The firm has loaned about $8 million since starting in 1997, with 50 percent to 60 percent going to minorities, and about half of those going to Alaska Natives, Evans said. He estimated 60 percent to 70 percent of all loans were made in rural areas, to firms like fish-processing companies or lodge providers. It currently makes no housing loans.

Evans said the loan will allow Alaska Growth to hire more employees (currently there are five), make more loans, and make equity investments in firms. It also provides consulting services to village corporations in rural Alaska.

Hopi Credit Association will use its half-million loan to expand housing and small business lending on its Arizona reservation. It is the second time it has tapped the CDFI Fund for $500,000. The tribe is matching the federal funding.

The credit association (it takes no deposits) started in 1952 with a $300,000 BIA loan and existed to lend money to Hopi ranchers for stock. In 1990 the portfolio was still less than $400,000.

But, former president Charley Wagner told a recent CDFI seminar, lending grew to $1.9 million at the end of 1997, as the association began to operate more like a business.

Wagner said an inventory of loans outstanding at the end of 1997 showed two-thirds were housing related with the remainder for business, education, farms and ranches, bill consolidation, lines of credit and other things.

Three hundred loans were outstanding at the end of 1997 with an average loan of $2,800, he said. The smallest loan was for $200 and the largest for $86,000. No more than 10 percent of the total portfolio could be loaned to any one individual.

The credit association topped $2 million in loans in June 1998 and has $3.1 million on its books with total assets of $3.7 million. Stephen Skorupski is now running it.

Delinquencies are usually quite high at revolving loan funds, and for a long time, Hopi was no different. As recently as 1982, more than 30 percent of its loans were overdue. But by 1997, the association reduced that to less than 2 percent.

The Lakota Fund will use its $330,000 to build lending capacity on the Pine Ridge reservation of the Oglala Lakota. The fund, run by Elsie Meeks, Lakota, has made 91 loans for $340,000 over the last three years.

Since its startup in 1986, it has made a total of 400 loans for $1.6 million in microenterprise and small business loans up to $25,000. Meeks told the CDFI seminar she hopes the fund will be able to lift that maximum loan amount to $200,000.

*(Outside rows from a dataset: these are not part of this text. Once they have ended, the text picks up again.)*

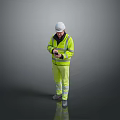 A Man In High Visibility Yellow Vest And White Hard Hat Using Smartphone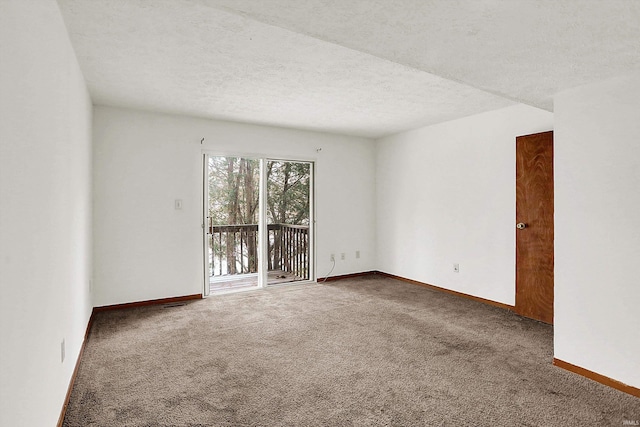 carpeted spare room with a textured ceiling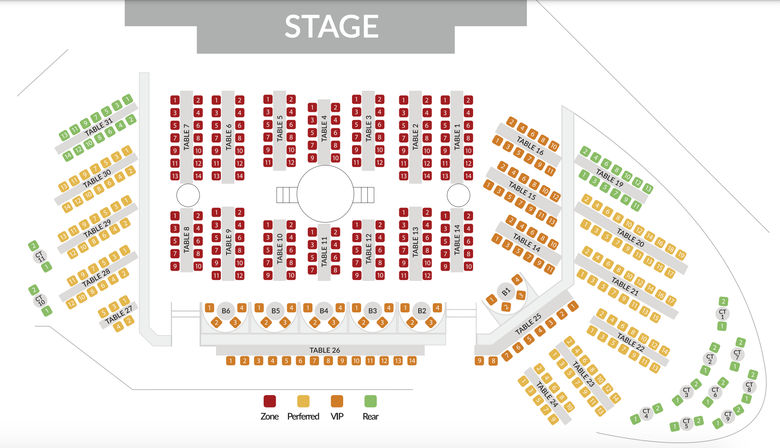 Top-down concert venue seating chart floor plan showing STAGE at top, numbered central red seating zone, surrounding yellow preferred sections, orange VIP tables near front, green rear seats, table numbers and legend
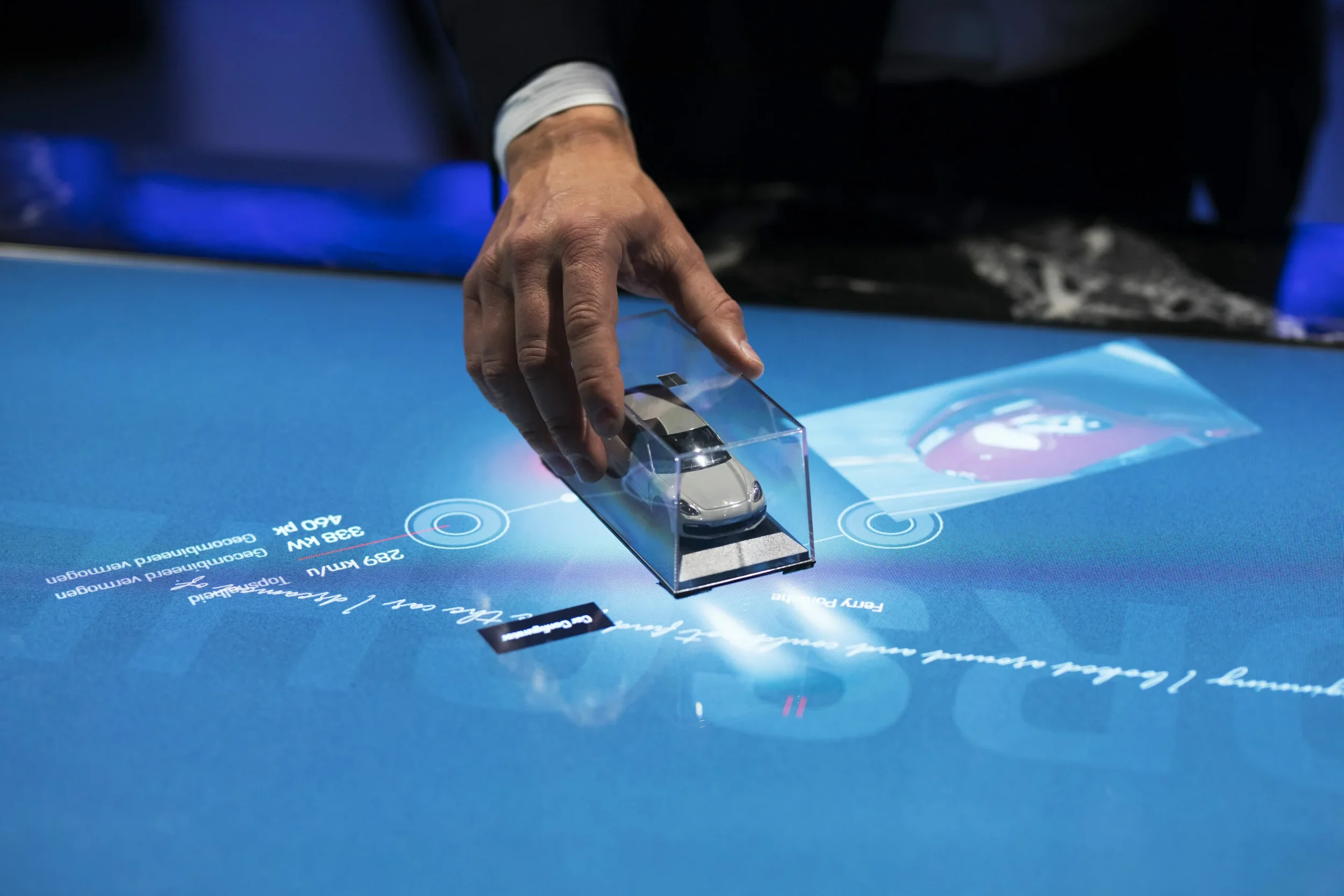 Una mano tocando una maqueta de automóvil en una mesa interactiva digital con gráficos y texto en el fondo oscuro.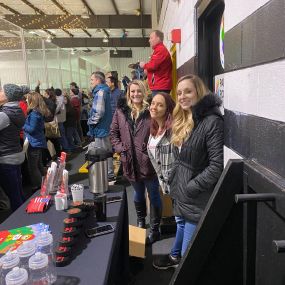 Engaging with the community during a local hockey game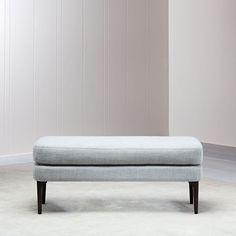 a light blue ottoman sitting on top of a white rug in front of a wall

She said she'd like to see the creation of some viable businesses on the reservation, as most of those loans were to entrepreneurs who by and large have not created businesses that employ tribal members.

The $5 million setaside in next year's CDFI total of $112 million is meant for technical assistance and training to encourage development of more Native CDFIs like those funded in the current round. Those additional CDFIs would give Native groups a chance at a larger share of the fund which totaled $123 million to more than 300 financial institutions this year.

Rodger Boyd, Navajo, Native program manager for the CDFI Fund, said a Notice of Funds Availability (NOFA) probably will be posted by the federal government early next year.